**WHAT NEEDS TO BE DONE**
Please repeat each line below exactly, with no images in the copy.
Start of SOURCE DATA
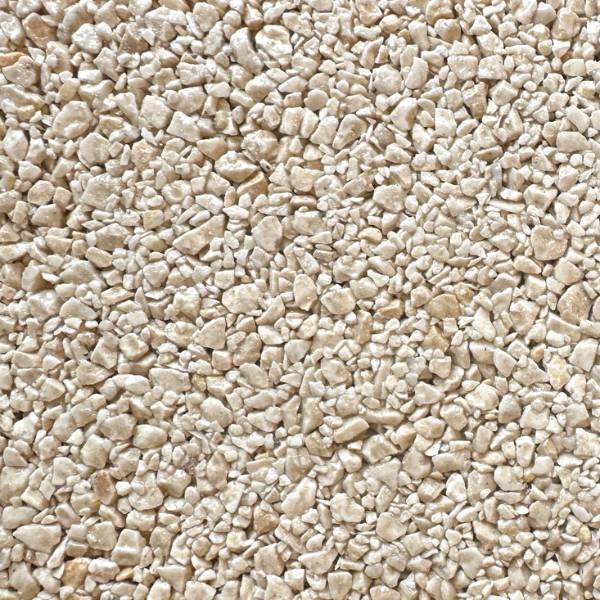 Tuscan resin-bound aggregate colour sample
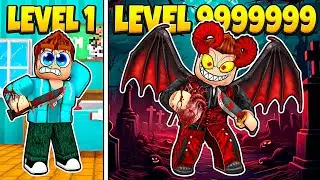 ROBLOX HORROR TYCOON 😱
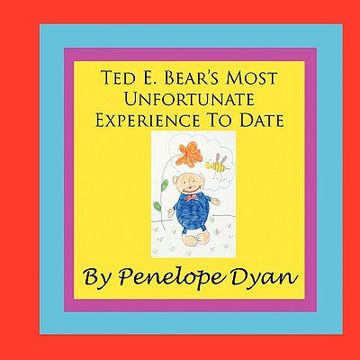 portada ted e. bears most unfortunate experience to date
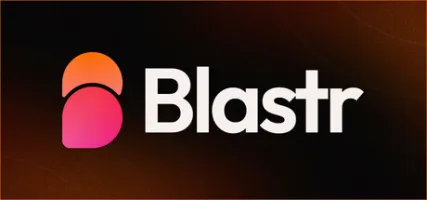 Blastr - Soundboard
End of SOURCE DATA
**RESPONSE TO THIS TASK**
 Tuscan resin-bound aggregate colour sample
 ROBLOX HORROR TYCOON 😱
 portada ted e. bears most unfortunate experience to date
 Blastr - Soundboard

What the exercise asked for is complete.